BEGIN

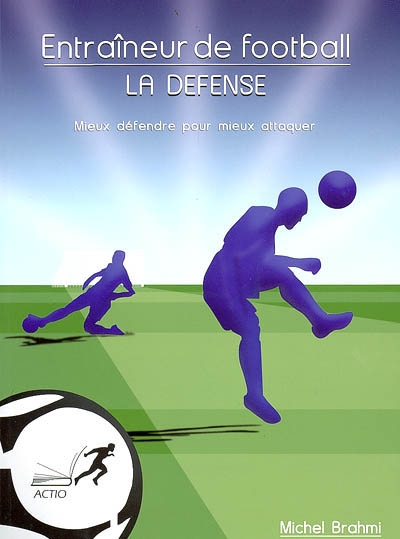 Entraîneur de football : la défense : mieux défendre pour mieux attaquer
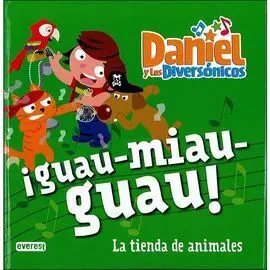 ¡Guau-Miau-Guau!La Tienda de Animales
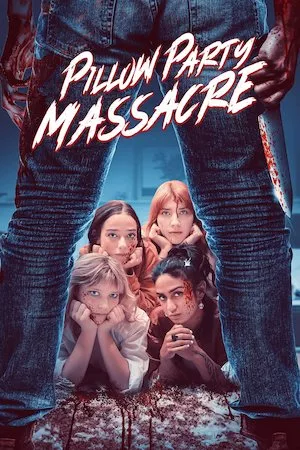 Pelisplus Pillow Party Massacre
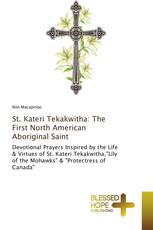 St. Kateri Tekakwitha: The First North American Aboriginal Saint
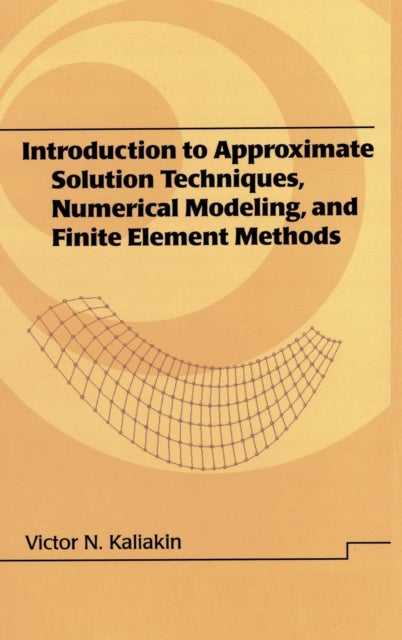 Book cover of: Introduction to Approximate Solution Techniques, Numerical Modeling, and Finite Element Methods. By: Victor N. Kaliakin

END

## Problem description
Nothing should be printed except the lines from the one with "Pelisplus Pillow Party Massacre" through the last line of the listing above, both ends included; please drop the pictures.

## Answer to the exercise
 Pelisplus Pillow Party Massacre
 St. Kateri Tekakwitha: The First North American Aboriginal Saint
 Book cover of: Introduction to Approximate Solution Techniques, Numerical Modeling, and Finite Element Methods. By: Victor N. Kaliakin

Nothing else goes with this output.